- [SOURCE DATA]

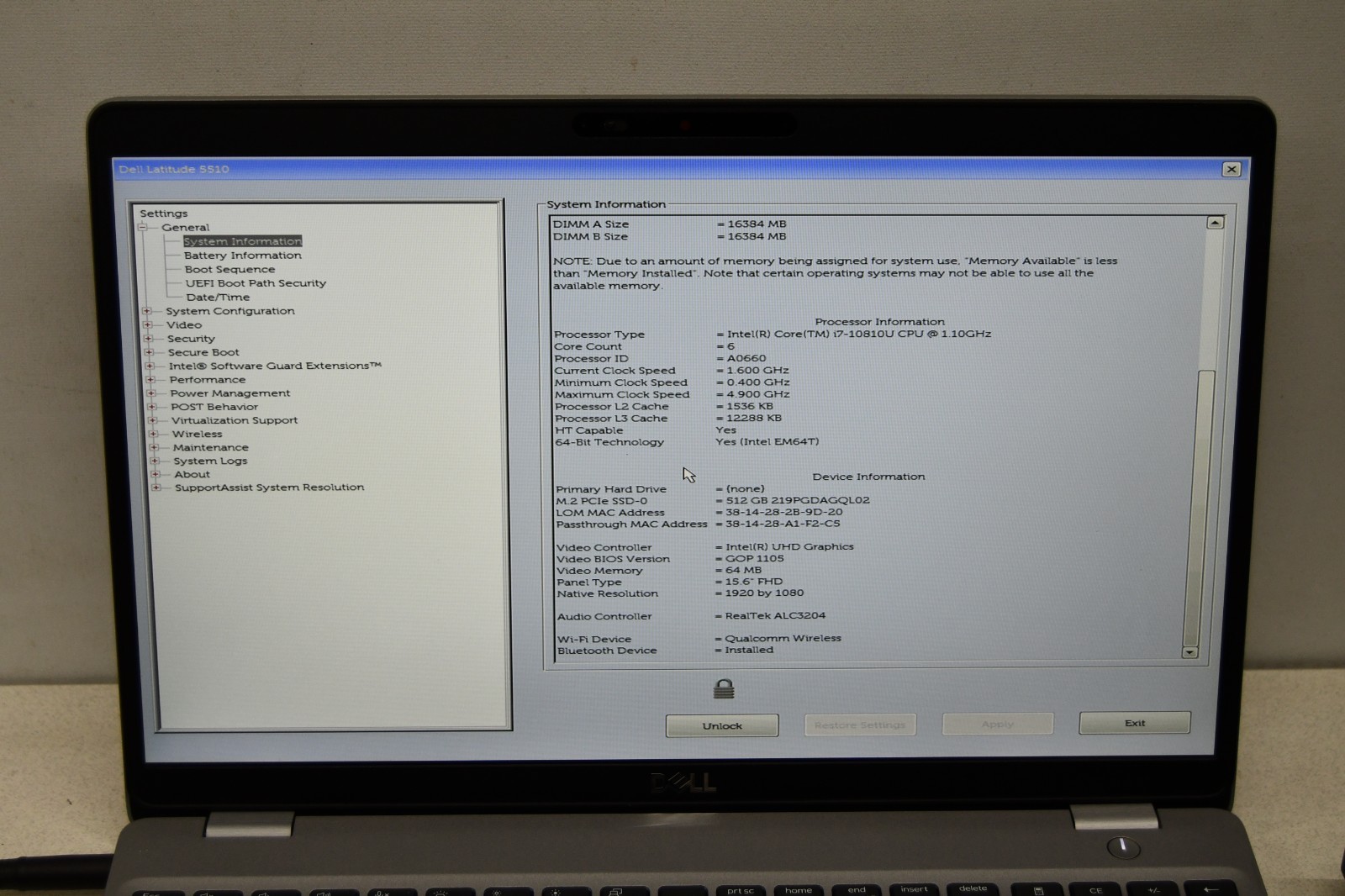 ^ Dell Latitude 5510 15.6″ i7-10810U @ 1.10 GHz 32 GB Ram 512GB SSD BIOS Locked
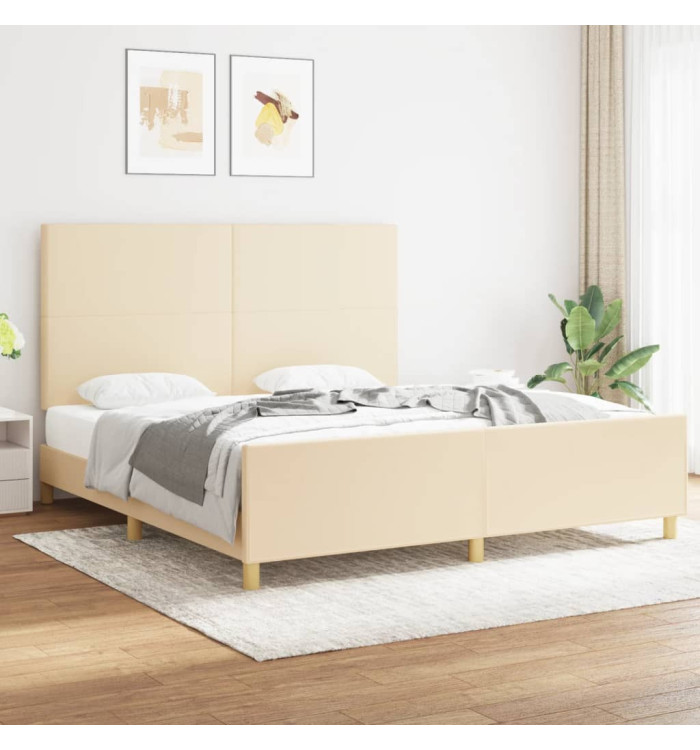 Cadre de lit sans matelas crème 180x200 cm tissu | Mobilier & Déco
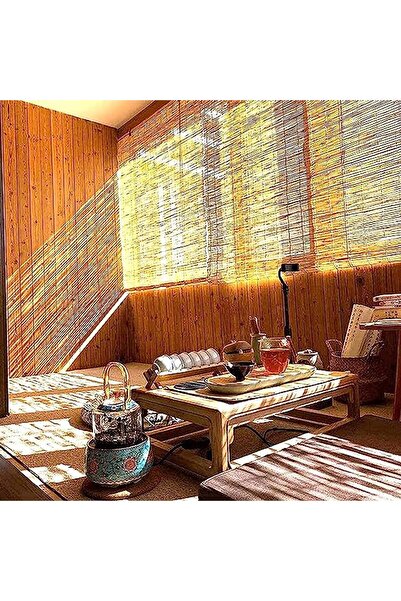 genric FFD Natural Reed Roll Up Shades Hand-Woven Bamboo Blinds for Indoor/Outdoor - Easy to Install 120cm
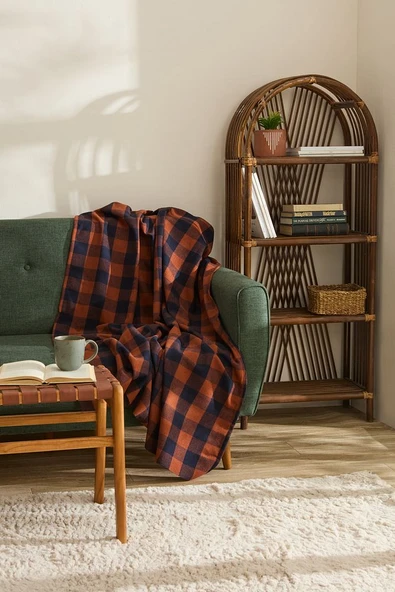Flanel Throw Tv Battaniyesi Turuncu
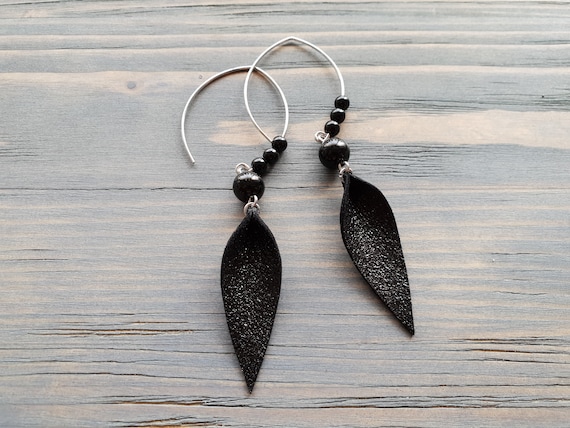 Large Silver Hoop Earrings, Black Agate Earrings, Leather Leaf Earrings, Shiny Leather Earrings, Long Dangle Earrings, Statement Earrings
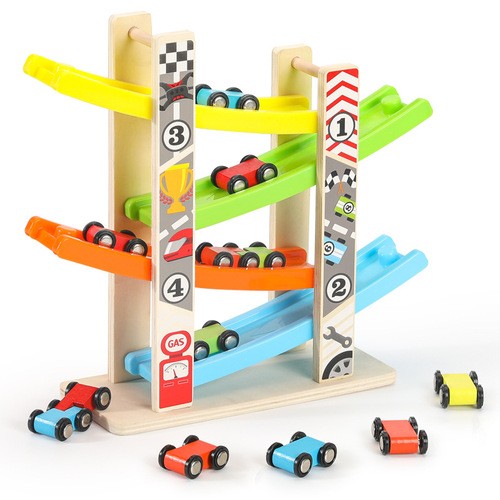 Infant educational early education children's toys multi-layer track sliding building blocks small train wooden glider car track car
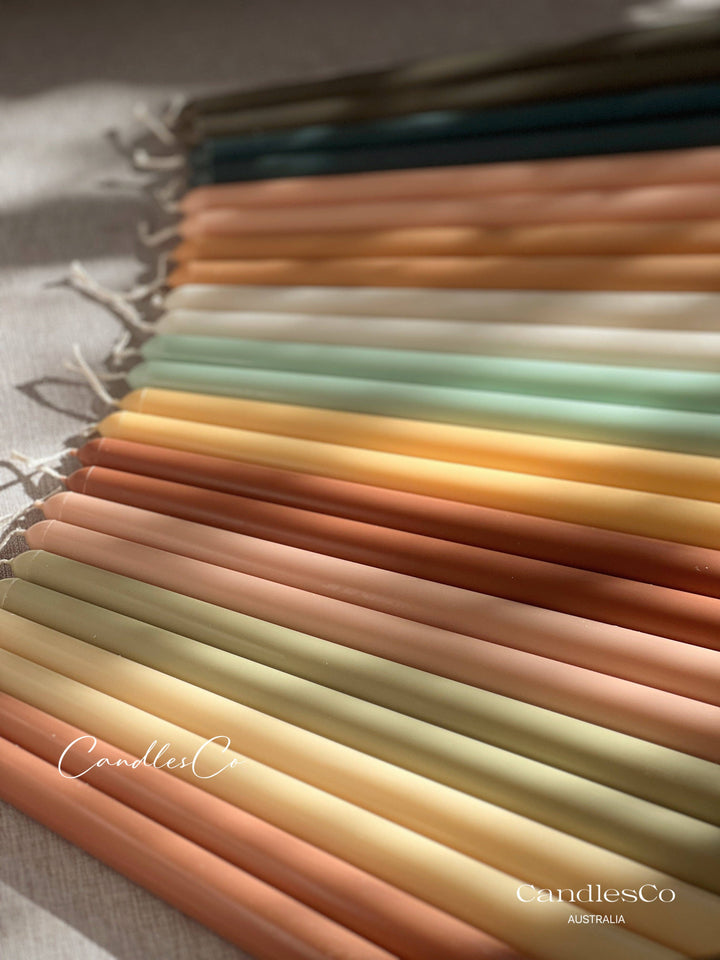 Simple Taper Candle: Olive / Unscented / 25.5cm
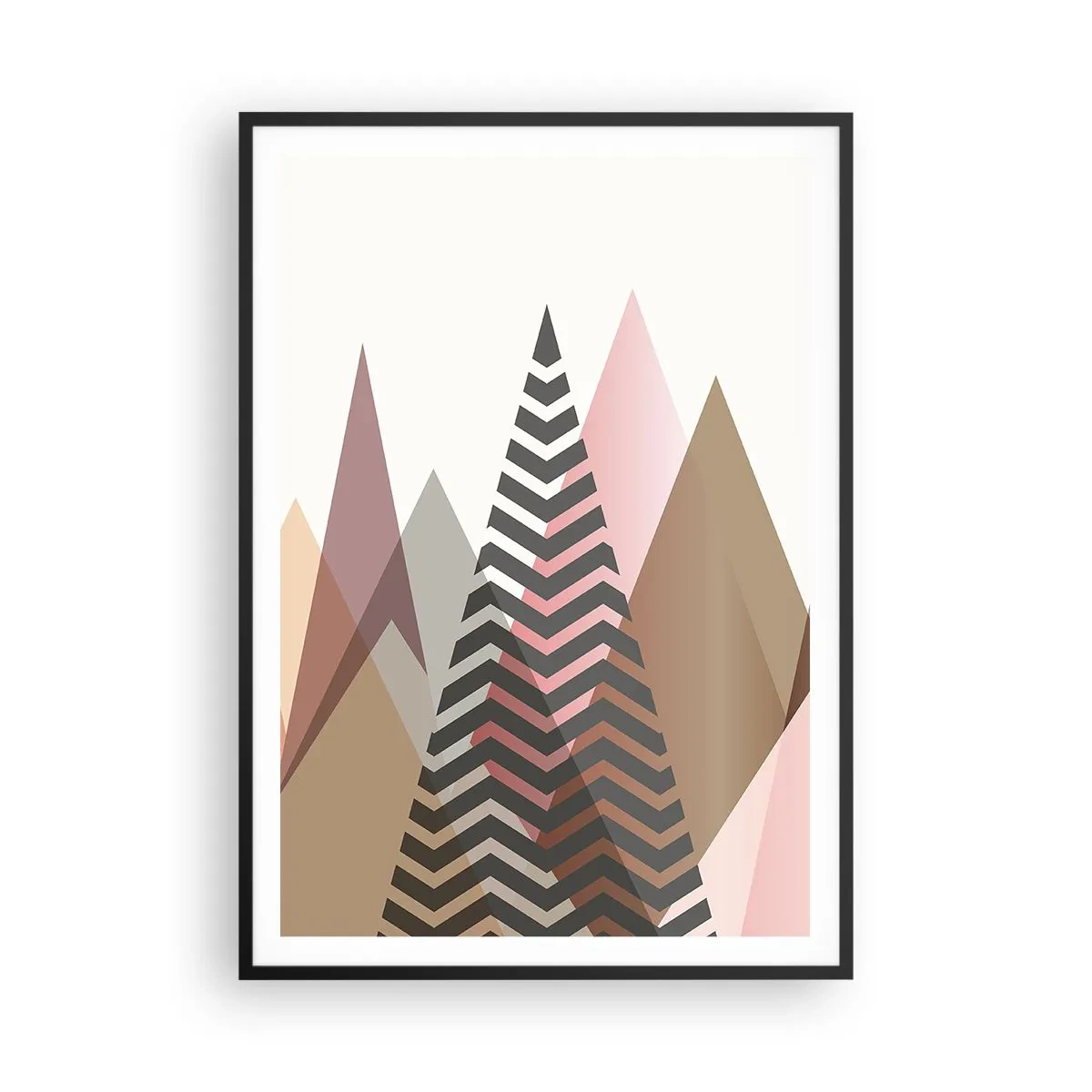 Poster în ramă neagră - Construcție piramidală - 70x100 cm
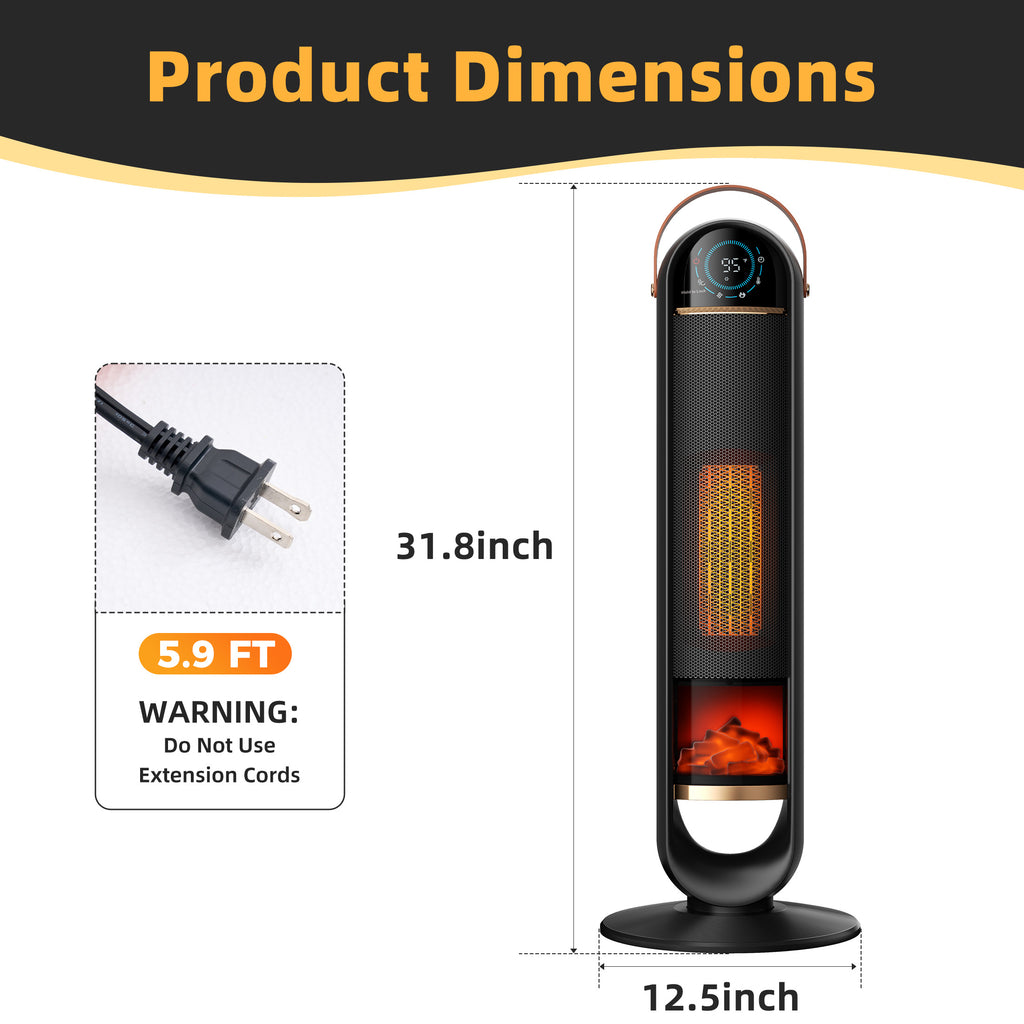 JIOABL Tall Tower Flame Heater with Light | 1500W, 4 Functions, 3s Quick Heat, 2 Heat Settings, Low Noise, Oscillation & Timer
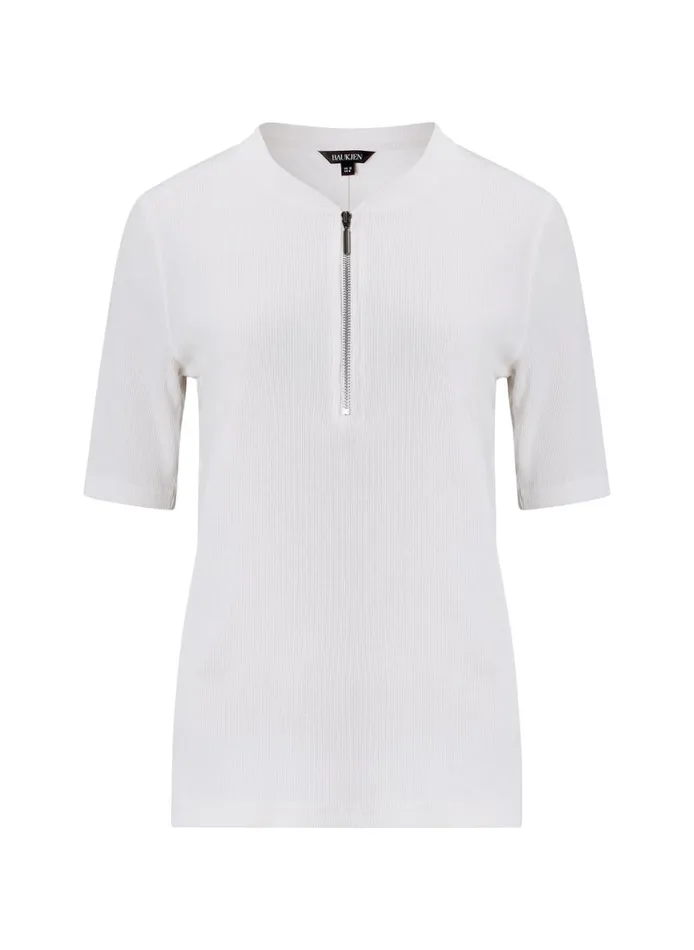 Baukjen Baukjen Essentials Organic Cotton Zip Top Pure White Clothing
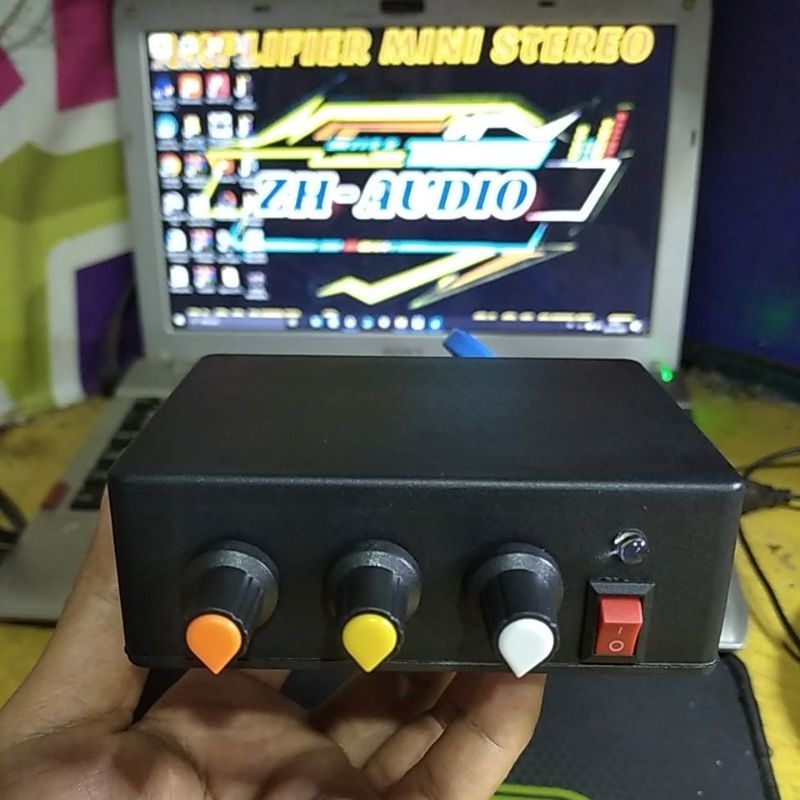 Amplifier mini 5v di lengkapi 3 potensio bass,treble,volume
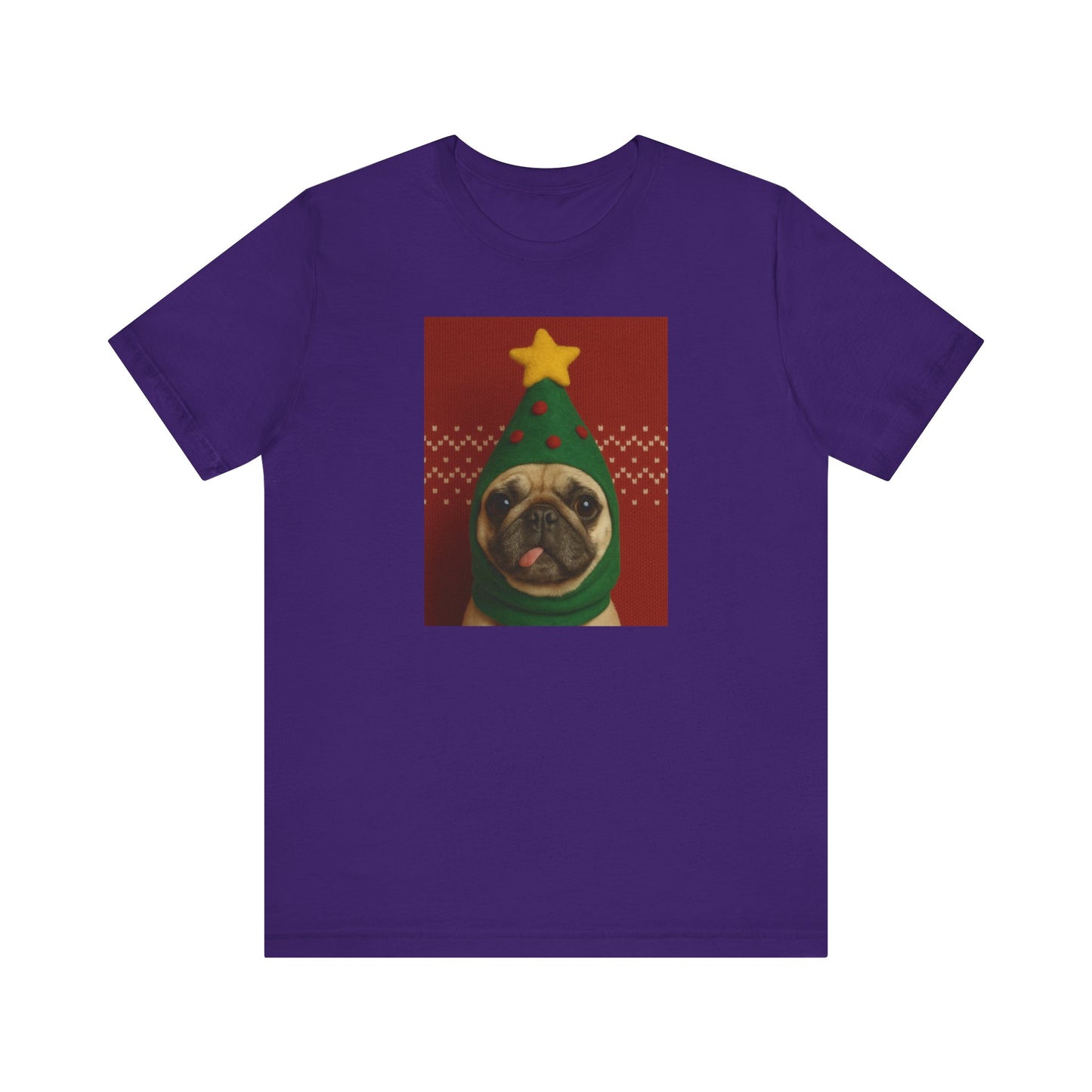 Christmas Pug Tee | Unisex Jersey Short Sleeve Tee, Fun Holiday T-Shirt, Cute Dog Shirt, Gift for Pet Lovers, Festive Apparel, Party Wear - Riff Raff Wear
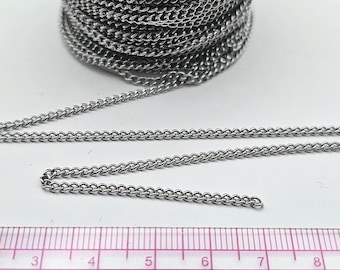 2mm Stainless Steel Curb Chain: 10m Spool - Bulk Jewellery Making Reel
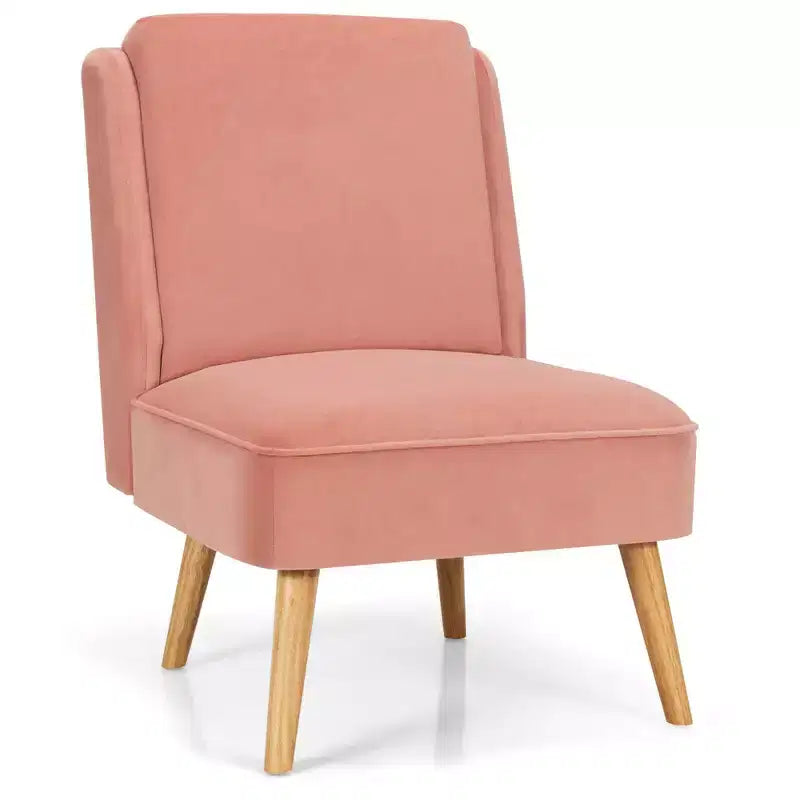 Fauteuil d'appoint en velours Canapé simple Fauteuil de loisirs avec cadre en bois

- [YOUR OBJECTIVE] Leave out the pictures and repeat exactly the lines from the first line of the data through the line containing "Amplifier mini 5v". Add nothing else.

- [OUTPUT BELOW]
 ^ Dell Latitude 5510 15.6″ i7-10810U @ 1.10 GHz 32 GB Ram 512GB SSD BIOS Locked
 Cadre de lit sans matelas crème 180x200 cm tissu | Mobilier & Déco
 genric FFD Natural Reed Roll Up Shades Hand-Woven Bamboo Blinds for Indoor/Outdoor - Easy to Install 120cm
Flanel Throw Tv Battaniyesi Turuncu
 Large Silver Hoop Earrings, Black Agate Earrings, Leather Leaf Earrings, Shiny Leather Earrings, Long Dangle Earrings, Statement Earrings
 Infant educational early education children's toys multi-layer track sliding building blocks small train wooden glider car track car
 Simple Taper Candle: Olive / Unscented / 25.5cm
 Poster în ramă neagră - Construcție piramidală - 70x100 cm
 JIOABL Tall Tower Flame Heater with Light | 1500W, 4 Functions, 3s Quick Heat, 2 Heat Settings, Low Noise, Oscillation & Timer
 Baukjen Baukjen Essentials Organic Cotton Zip Top Pure White Clothing
 Amplifier mini 5v di lengkapi 3 potensio bass,treble,volume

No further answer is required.